Wiki Trends:
In 2010 Information Management Solution providers will battle over who “owns” organizational data. IM solutions merge structured and unstructured content ecosystems as customers seek tools to support information access across all major content repositories.
By 2012, 75% of enterprise IT organizations will have implemented strategic data reduction initiatives designed to reclaim wasted storage space, reduce risk, and eliminate unwanted data.
Due to the rampant growth of enterprise data and ever expanding requirements to ingest, analyze, and incorporate various forms of content from the Web and other outside sources, firms of all sizes in every major industry and every market segment as well as the public sector are experimenting with and implementing solutions and services to help manage the entirety of their corpus of electronically stored information (ESI).

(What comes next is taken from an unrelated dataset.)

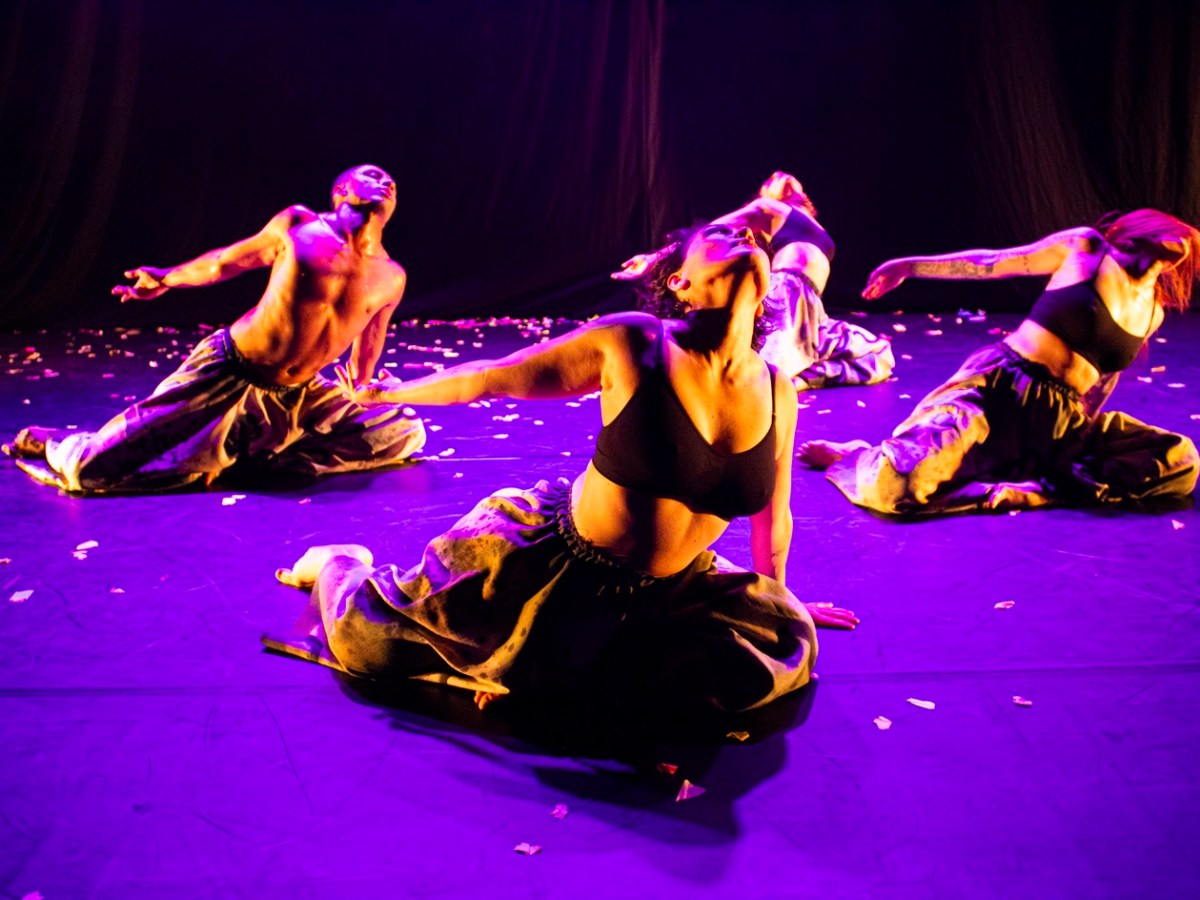 08 a 11/04: Bacae Dança realiza oficinas, espetáculo e intervenções&nbsp;gratuitas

The vast majority of enterprises have implemented point solutions, product suites, or vendor services to address significant data management bottlenecks in order to meet critical business needs for compliance, customer service, e-discovery, or regulatory workloads. However, most firms have capitulated under the shear volume of data and are no longer willing or able to manage all of their data effectively, exposing them to a variety of risks including fines, lawsuits, lost business, and higher IT costs.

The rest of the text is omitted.